For all that I am a dreamer, in that periodically I experience a future view of life that comes true, both good or bad, I do not take omen in signs. There are some things I seem to have superstitions about, but I do have a pointed determination to take whatever comes as it comes.
Like everyone else, I can reasonably predict, worry about, surmise or debate the future, but I firmly live in the present. I make a point not to let fears, doubts or such things keep from doing something that suggests positivism to me in the moment. This was part of the learning experiences in my life, but more directly, I later found a sutra that directly represented my feelings and brought me a great affirmative joy:
“The one who is very attached to the cave of the body,
that one finds detachment very difficult. Those who
constantly crave for pleasure are hard to liberate and
certainly cannot be liberated by others, only by
themselves. Sometimes it is only death that brings a
realization of endings, and then the sensual person,
deeply immersed in the body, will shout: “What will
happen to me after death?
The way toward liberation is to train yourself to live
in the present without any wanting to become anything.
Give up becoming this or that, live without cravings,
and experience this present moment with full
attention, then you will not cringe at death nor seek
for repeated birth.”
It’s only hours away from my return to Germany. It’s not been an easy decision or path to finally reach this point, though the eventual outcome is something I always desire. My stress level has been at the maximum the past weeks for a variety of reasons. A few of those have been resolved within the last days, but very important ones still remain. Yet, just the same, I can only go forward and make the best of what I am presented and can actively work to change or improve. There are possible drawbacks I am cognizant of…but you can only try.
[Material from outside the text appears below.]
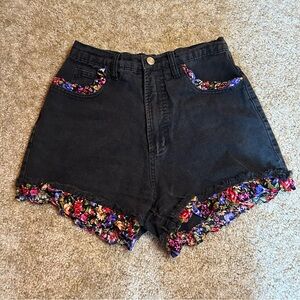 California Concepts Vintage 90s Floral Ruffle Black High Waist Denim Shorts SZ 9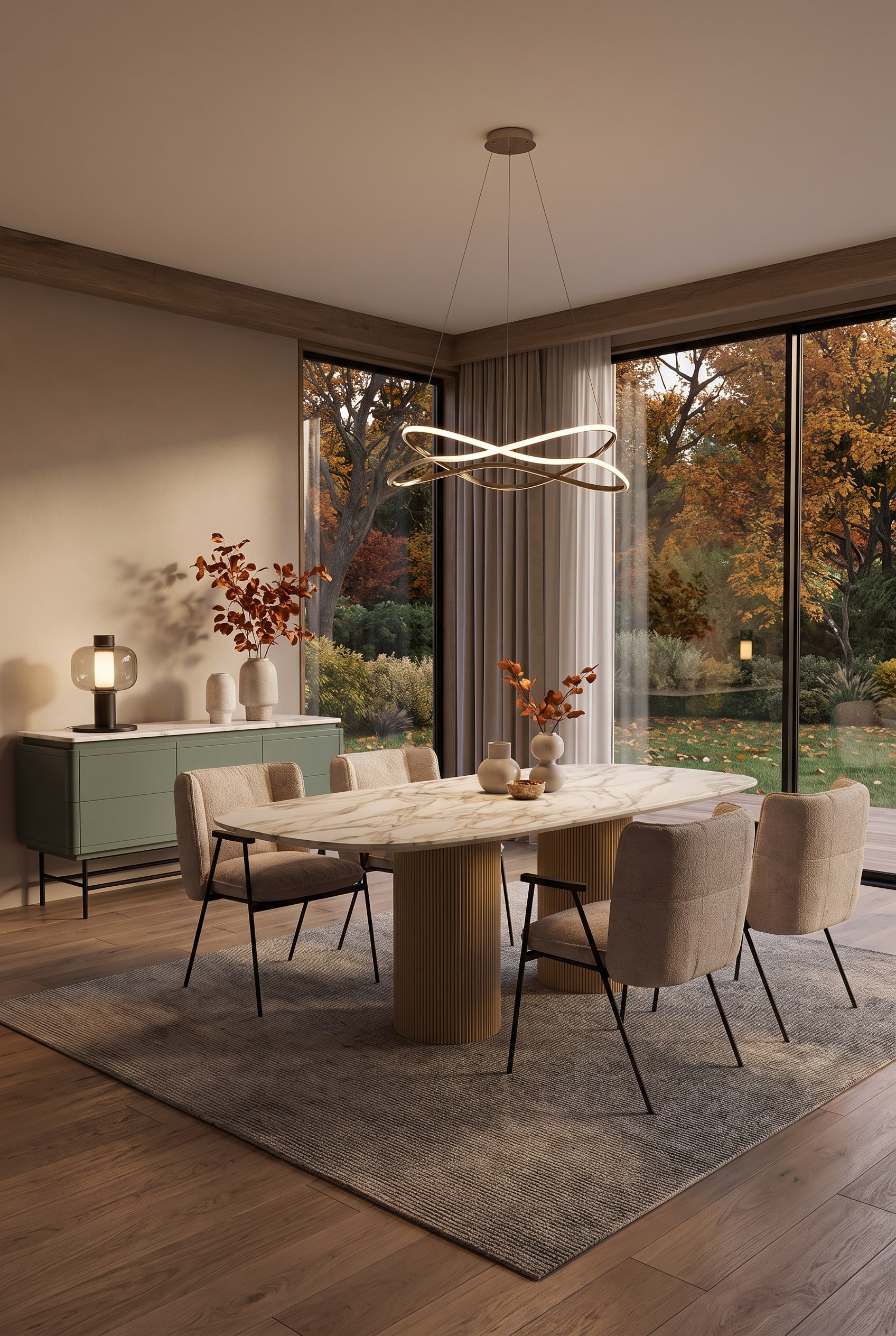 Une table à manger massive et sculpturale en bois forme le centre paisible d'une salle à manger moderne de style campagnard.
Saturday I sold some of our superfluous items, but about as many…I gave away to those who asked for it. By the end of the day I contacted a local shelter who picked up goods for donation and said they could have everything left, which includes furniture, clothing, books, households items of all kinds and even an old car. They bring nothing to me now and can benefit someone else so…I’ve no attachment to them even though some are worth a lot of money. I say this not for a pat on the back, but because now I truly can take a deeper breath. I feel freer, without the burden of attachments, of material things which are not absolutely necessary for my continued being.
At this point, I’ve still not packed a single item. I still don’t have a suitcase, though I’ll get one tomorrow. My son is going with me so there are certain necessities beyond what I might normally include for myself when moving. I look around me know, in my defrocked office/bedroom, even what’s left is…ephemeral.
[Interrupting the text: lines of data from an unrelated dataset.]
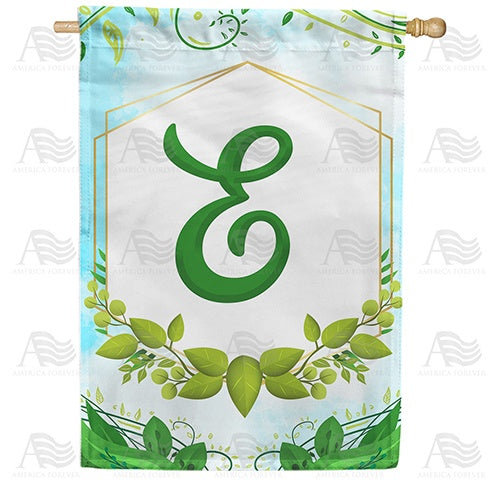 Rose Greenery Monogram House Flag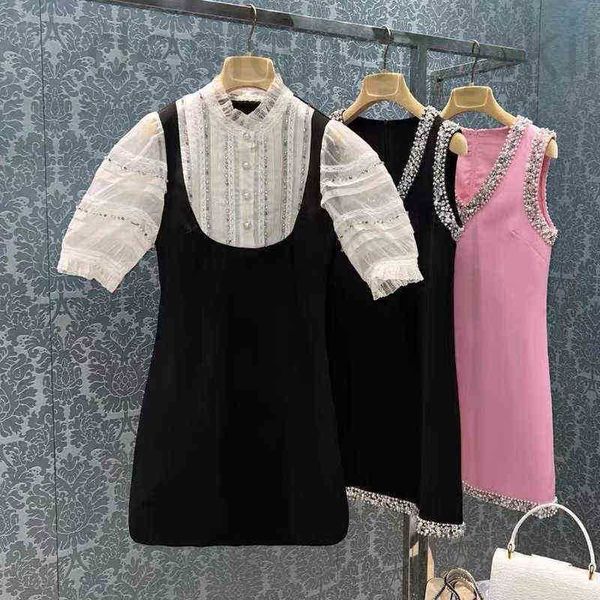 

basic & casual dresses designer heavy industry dress manual stand collar nail bead studded temperament short sleeve light extravagant skirt, Black;gray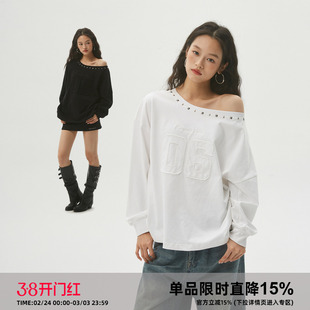 岚室（Clamisgold）贴布绣铆钉斜肩薄卫衣女一字肩长袖上衣打底衫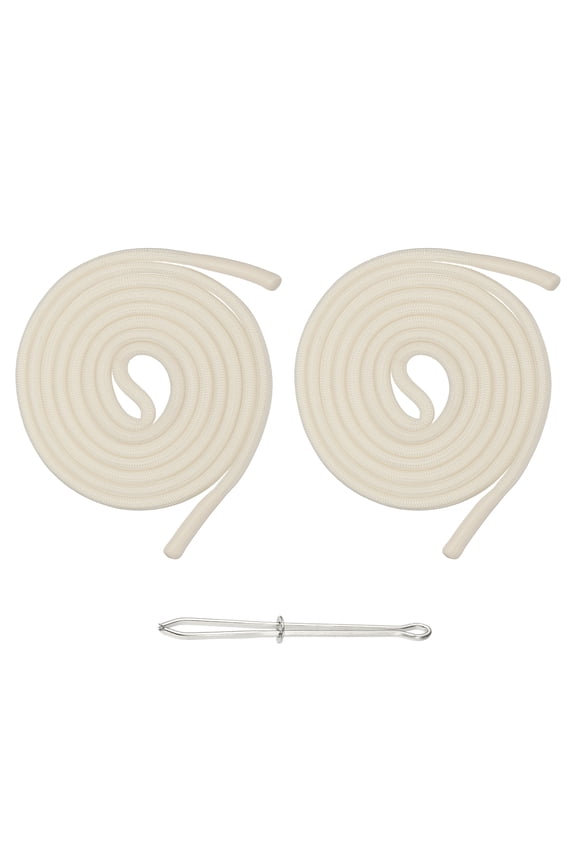 2pcs 53inch Drawstring Cords Replacement Drawstring Hoodie String Sewing Tool with Easy Threader for Hoodie Sweatpants Jackets Pants Hats Coats Bags, Apricot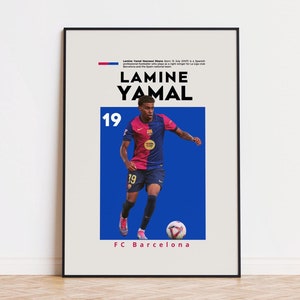 Lamine Yamal Poster, Fußballspieler Poster, Lamine Yamal Druck, Sport Poster, Fußball Wandkunst, Schlafzimmer Poster, FC Barcelona Poster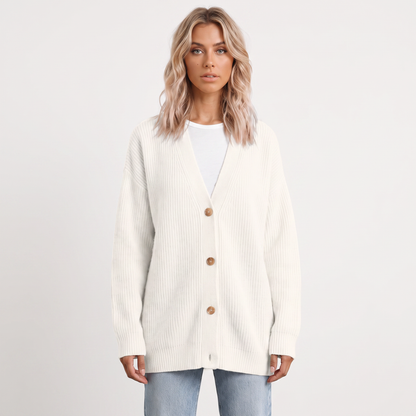 Freya | Ribbed Knit Button-Front Cardigan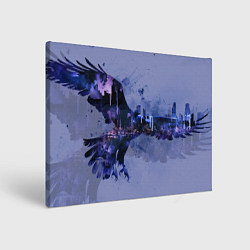 Холст прямоугольный Летящий орел и город в сумерках, цвет: 3D-принт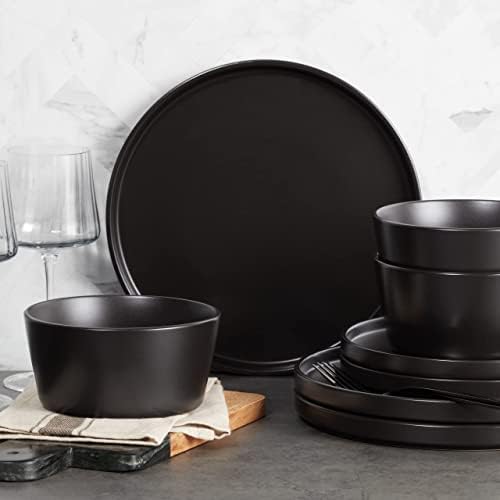 Stone Lain 32-Piece Black Matte Dinnerware Set + 4-Piece Black Stoneware Pasta Bowl Set - Image 3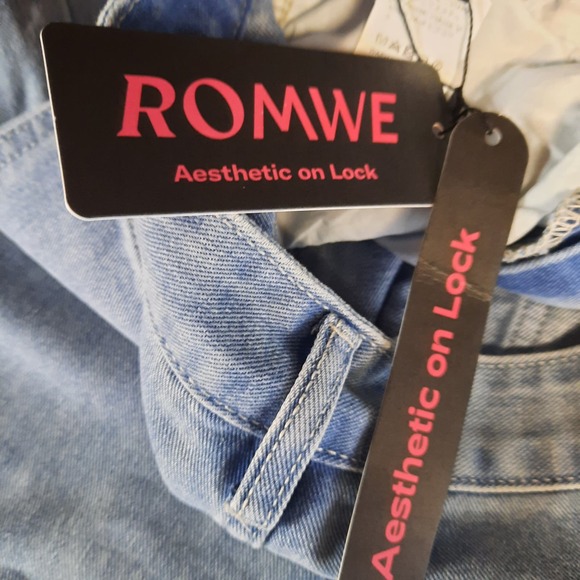 ROMWE WOMEN'S WIDE LEG JEANS GRUNGE PUNK PLUS CROSS FESTIVAL TRENDY S 36 EU - Picture 6 of 9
I spent the morning making sure all the excess material goods I had are packed and ready for the animal shelter I am donating all of it to, to sell as they will: furniture, beds, lamps, books, clothing, crockery. Mizz Suzy, Rosebud Lakota Lady and her son came over to help. Anything they could be used by relatives was theirs to take as well, choosing comic books, futon sleepers and traditional carvings I had of wolves, warriors and totems.
We then lingered over breakfast: lots of black coffee, fruit and yesterday’s lemon torte, then got hungry again after chatting and finished off last night’s leftovers of Indian tacos! Delicious! And the ingredients are harder to find in Germany. We then drifted over to the house computer and the hundreds of photos and vids of us over the years. They needed to go, and we needed to be pack, but…it’s the last day we’ll see each other in a while.
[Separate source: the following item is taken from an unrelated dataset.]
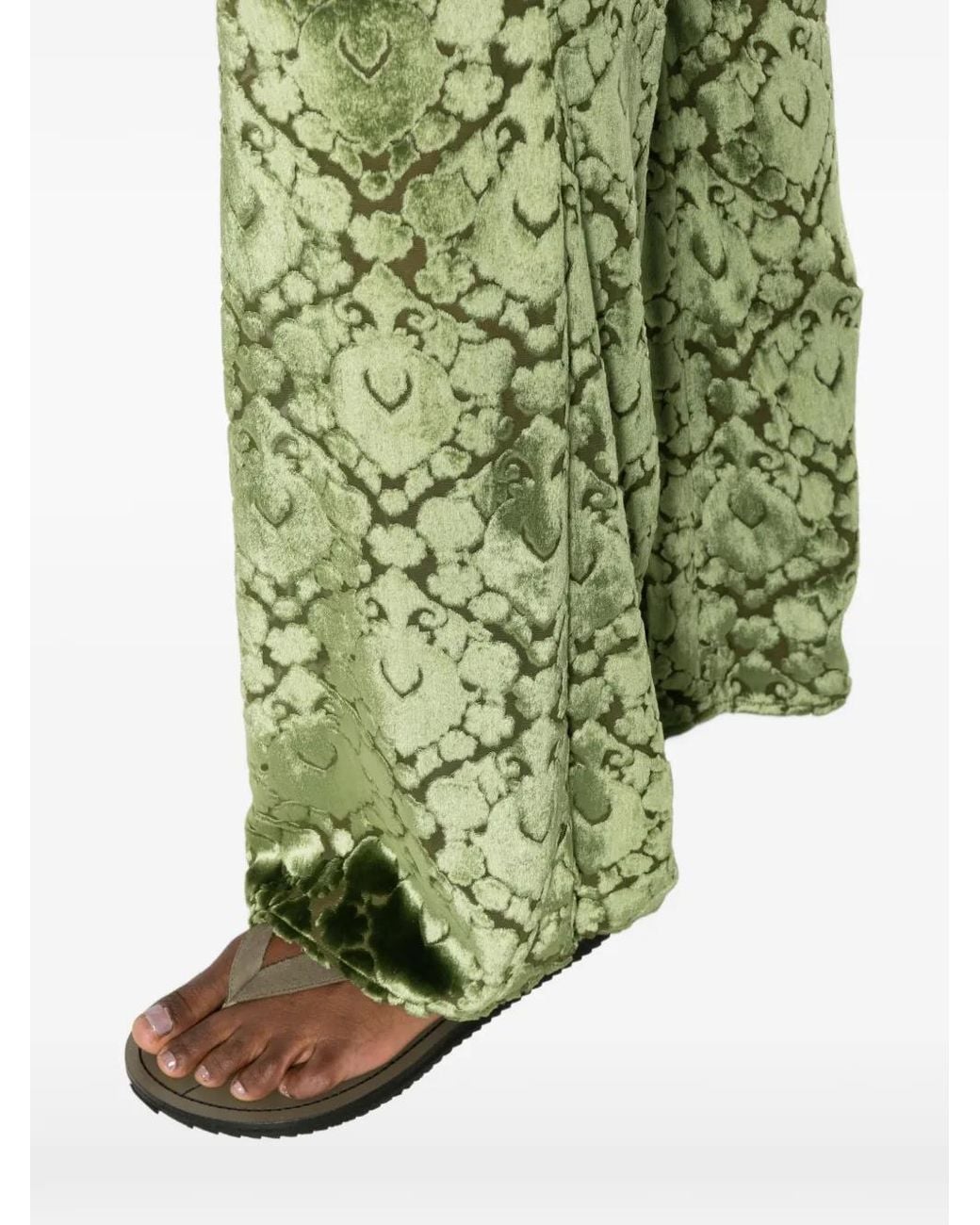 Forte_forte Green Damask-Patterned Flared Trousers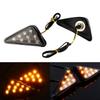 2x Motorcycle 12V Euro Triangle Flush Mount Turn Signal Smoke Amber LED Light AP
And I found the meaning, the reason why I felt no urge to pack. No anxiety over it. No need to really include anything except the most essential: passport, flight plan, confirmation papers. Those are the things I need though the cat is apparently determined to be packed, because as soon as I get him out of the suitcase and walk away, he’s right back in.
But all in all, I realized that I so want to be home, I don’t care if I go naked (and they do have naked flights in Germany if one so desires). I just want to be there, come what may. They’re all welcome to visit but I have to go.
See you all on the other side.
P.S. The photo is of our cat who has a name but we only ended up calling him ‘Kitty’ anyway. One of his favorite places to sleep is in the front doorway. Ironically enough, we took this photo the last time we were leaving for Germany 2009. Today, he is sulking and hiding under furniture. This time he senses we’re not coming back.